Chet Weger
Professor Yu
Social Network Analysis
May 8, 2013

Using the Copy Model for Edge Attachment to Evaluate the Stability of Graph Clustering

Introduction:

My project is inspired primarily by a paper by Chen and Fields [1]. In this paper, Chen and Fields describe a novel approach to evaluating the stability of a network. Stability is a measure of how much slight modifications to a graph effect the resulting clustering produced by a clustering algorithm. Chen and Fields performed these slight modification by adding a single edge to the graph using the preferential model of attachment. In this project, I followed the same methods as Chen and Fields except instead of using the preferential attachment model, I used the copy model.

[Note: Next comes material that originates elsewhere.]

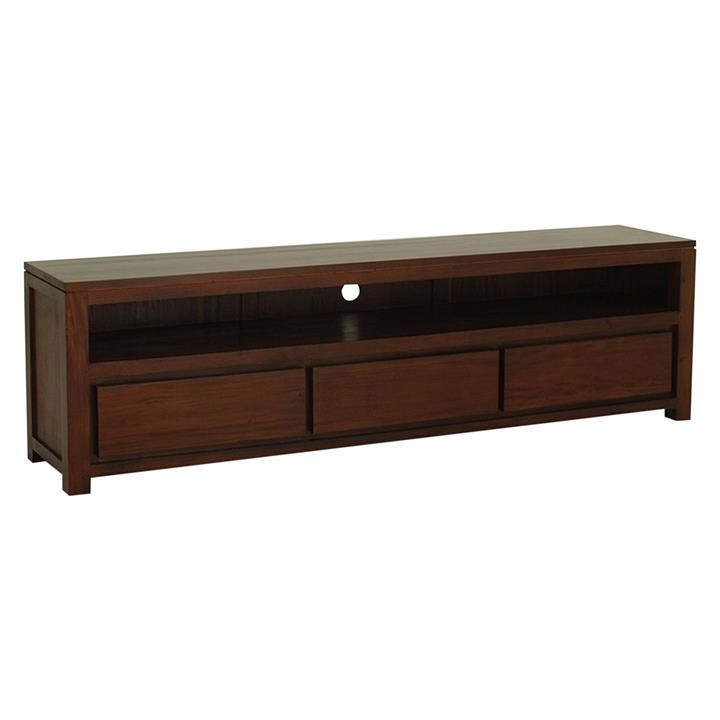 Hague 3 Drawer Timber Entertainment Unit in Brown by Kayu Estate by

Clusters are very useful in analysis of a graph or network. A cluster is a subgroup of nodes in a graph that is highly connected. For any two nodes in a graph, two nodes in a cluster would be more likely to be connected and share connections to other nodes than two nodes not in the same cluster. Various graph algorithms such as the Clauset-Newman-Moore algorithm, the Louvain clustering algorithm, and the Markov Clustering Algorithm identify clusters.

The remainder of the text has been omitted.